Лиса смотрит на меня большими глазами, по ее розовым щекам текут слезы. Я сглатываю, сдерживая собственное горе и пытаясь быть сильным.
– Да. Она не могла уйти, не попрощавшись со своими любимыми.
Лиса касается большим пальцем моего мизинца, кладет голову мне на плечо и сотрясается всем телом от рыданий. Я обвиваю ее другой рукой, притягивая к себе как можно крепче, а затем поворачиваю голову и целую ее в волосы.
– Я рада, что ты здесь, – бормочет она, рукавом вытирая слезы.
– Никогда не думал, что услышу от тебя это.
Я наслаждаюсь вырвавшимся из нее тихим, хриплым смехом и прикосновением наших пальцев.
Через несколько минут я нажимаю кнопку, и ветеринар заходит внутрь со своей тележкой. Это тележка смерти. Доктор объясняет, что должно произойти, что это будет мирно и безболезненно, что лекарство остановит сердце Вьюги, и она тихо уйдет.
Я не могу ничего поделать, но чувствую, что это идеальный способ.
Несколько крайне эмоциональных минут мы наблюдаем, как собака тяжело дышит, а затем испускает последний вздох, окруженная своими спасителями – окруженная любовью.

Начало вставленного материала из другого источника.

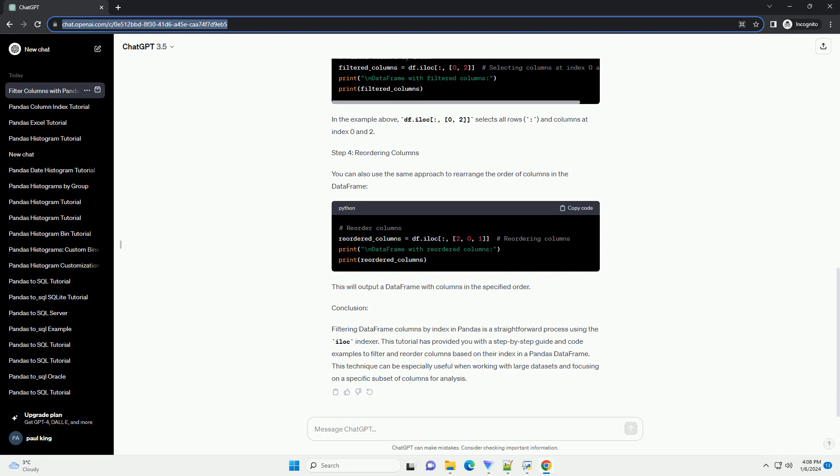Step 3, Filtering Columns by Index: Now, let's filter the columns based on their index. You can use the iloc indexer to achieve this. The iloc indexer is primarily integer-based and allows you to select rows and columns by their integer location.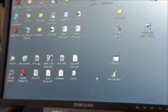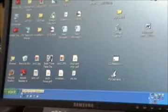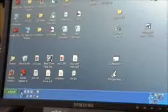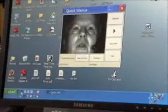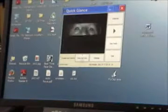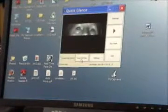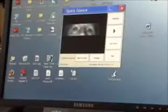The first thing we want to do is start the Quick Glance software which controls the TM3 eye tracker. It comes up and brings up a live video image showing my eyes.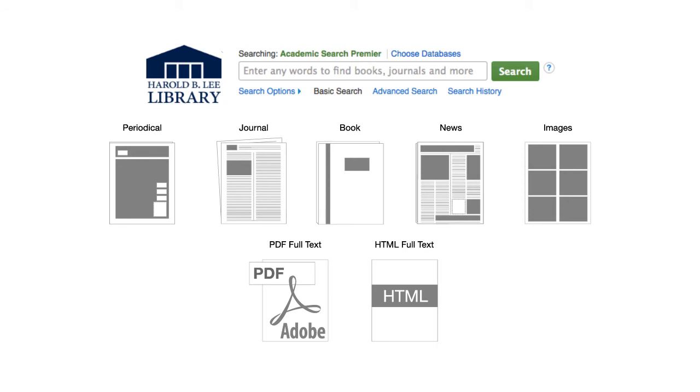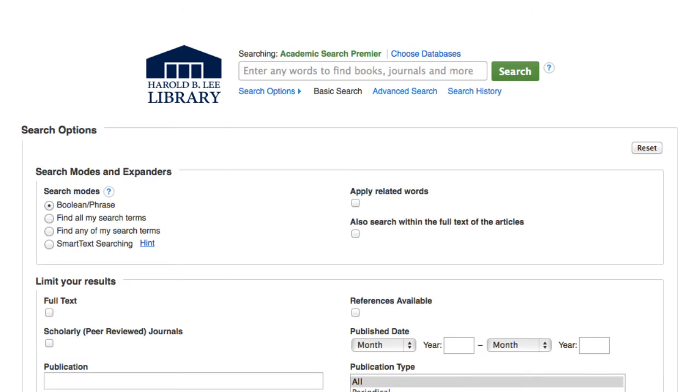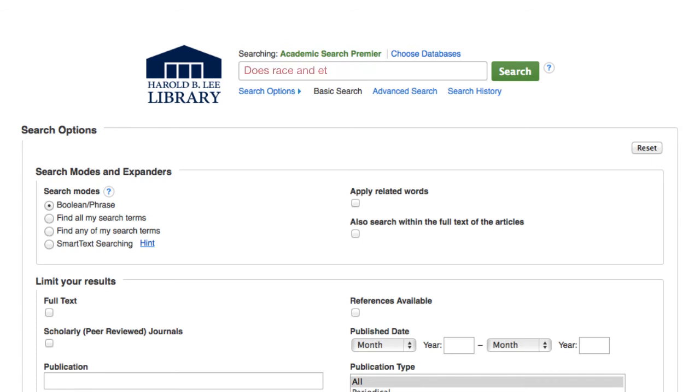Although you may use additional databases later in your search, Academic Search Premier is an excellent starting point for gathering articles. The search engine is based on key term searching, meaning that you must break up your search into concepts and phrases rather than typing the entire question into the search box.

Черт, мне кажется, что у меня не получится сдержать эмоции.
Доктор выражает нам свои соболезнования и направляет тележку из палаты.
– Вьюга была замечательным членом семьи, мисс Манобан. Я очень сожалею о вашей утрате. И позволяю вам с вашим парнем с ней попрощаться в последний раз. Не стесняйтесь, оставайтесь столько, сколько захотите. Нет никакой спешки.
Парнем. Я полагаю, мы действительно похожи на двух скорбящих влюбленных, которые прижались друг к другу и переплели пальцы. Лиса не поправляет ошибку, и дверь со щелчком закрывается.
Когда жуткая тишина заполняет комнату, и я смотрю на Вьюгу, безжизненную и неподвижную, что-то в моем сердце сжимается. Мне физически больно, легкие сдавливает от невыносимого горя. Я падаю на деревянную скамью, делаю несколько судорожных вдохов и сдаюсь. Прижимаю ладонь к лицу, слезы щиплют глаза, а затем льются меж пальцев. Лиса тут же отвлекается от собаки и подползает по полу ко мне. Она обнимает меня обеими руками и прижимается щекой к моей груди, утешает меня, пока я, черт побери, плачу навзрыд из-за пушистого маленького друга, по которому я буду чертовски скучать, и по многому другому.
– Черт, прости, – выдыхаю я, ненавидя свой дрожащий, прерывающийся голос. Я провожу ладонью по лицу.
– Ты любил ее, – шепчет Лиса в мой неоновый рабочий жилет и сжимает пальцами футболку под ним. – Тебе не за что извиняться.
Она поднимает голову, чтобы посмотреть на меня, и наши глаза встречаются. Что-то тяжелое, мощное и неотвратимое протягивается между нашими душами. Лиса касается подушечками пальцев моей щеки, которая все еще мокрая от следов горя. Я стискиваю зубы, не уверенный в том, как воспринимать этот момент или витающую в воздухе странную, завораживающую энергию. Разглядываю поплывший макияж, блестящие глаза и порозовевшие губы Лисы. Ее скулы покраснели от слез, а волосы растрепаны и торчат во все стороны, словно ее только что поразило током.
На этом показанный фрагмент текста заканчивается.